As for the returning section SHOWCASE, it features a text by Mercedes Murguía Meca and Yolanda Madrid Alanís, Saint Elías, Links in a Sculptural Chain of Two Artists, on the statue of the aforementioned saint in the templo de Nuestra Señora de la Asunción (Temple of Our Lady of the Assumption), in Tlapanaloya, in the state of Mexico, which was restored in the Seminario-Taller de Restauración de Escultura Policromada (STREP, Polychrome Sculpture Restoration Seminar-Workshop), which provides an interesting review of the concept of unit as seen by Paul Philippot who, setting it out through the practical exercise of said cultural object, places it at the heart of the conflict between historical and aesthetic instances. It also reflects on the importance of broadening the concept of a unit to integrate artistic and stylistic tendencies. Thus, it invites us to think of the cultural asset from the point of view of a wider unit at the time of intervention.

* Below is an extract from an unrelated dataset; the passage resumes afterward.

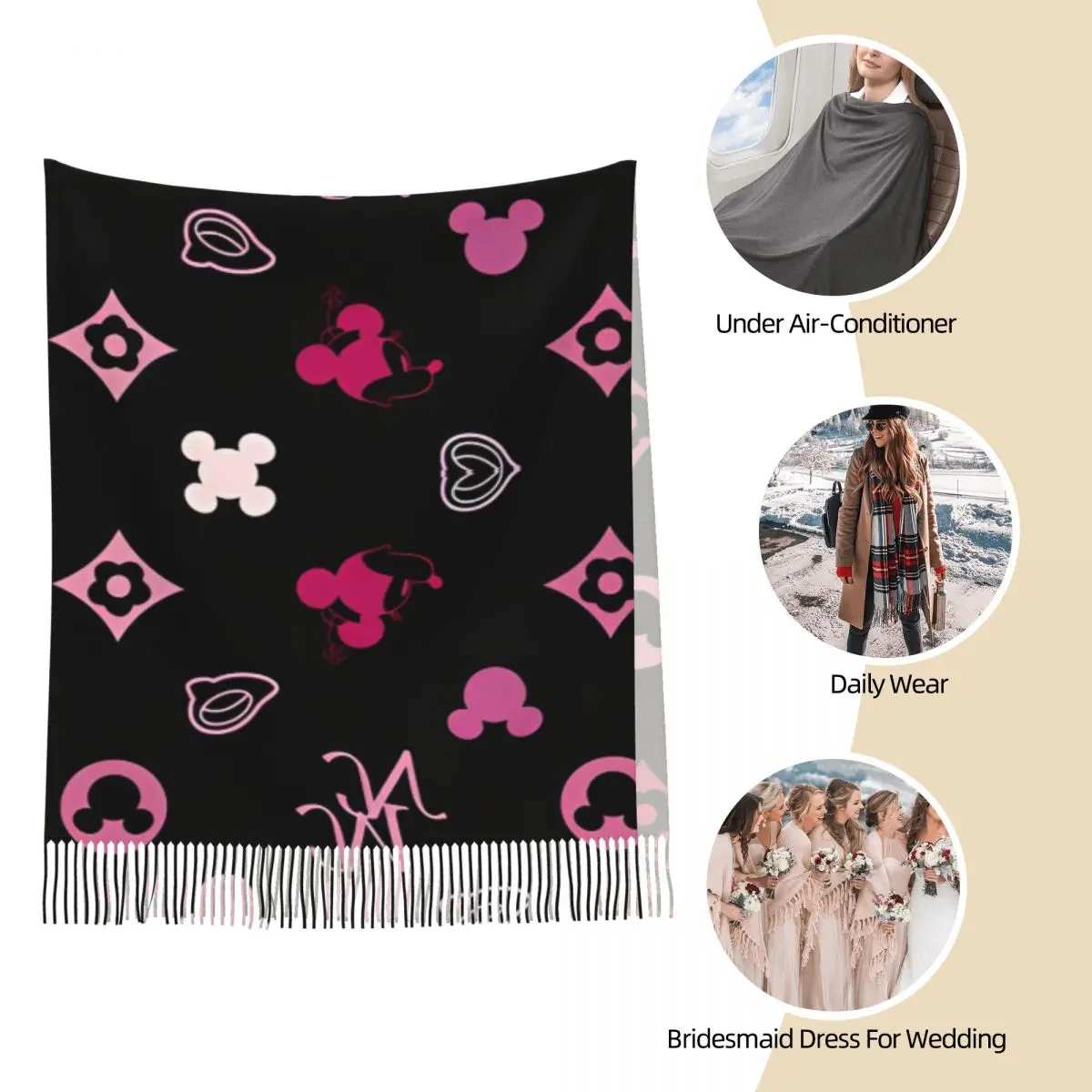 Cartoon Minnie Mickey Mouse Shawl Wraps Women Winter Warm Large Long Scarf Neckerchief Shawl Scarves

As for the REVIEWS, María Sánchez Vega covers the course From Space to Data: Smart Survey Methods in Architecture and Archaeology, held in January 2023 at the Museo Nacional de Historia (MNH, National History Museum), Castillo de Chapultepec. It reveals the international solidarity Mexico received following the earthquakes of 2017, particularly the technical assistance provided by the Government of Hungary through the technical aid agreement it signed with Mexico in 2020. This permitted the acquisition of materials, equipment, and software to reinforce the Laboratorio de Imagen y Análisis Dimensional (LIAD, Laboratory for Image and Dimensional Analysis) in the Coordinación Nacional de Monumentos Históricos (CNMH, National Coordination of Historical Monuments), as well as organizing this course to facilitate the use of technologies, such as digital photogrammetry and three-dimensional models, given by Zsolt Vasáros and Mór Bendegúz Takáts, Hungarian experts.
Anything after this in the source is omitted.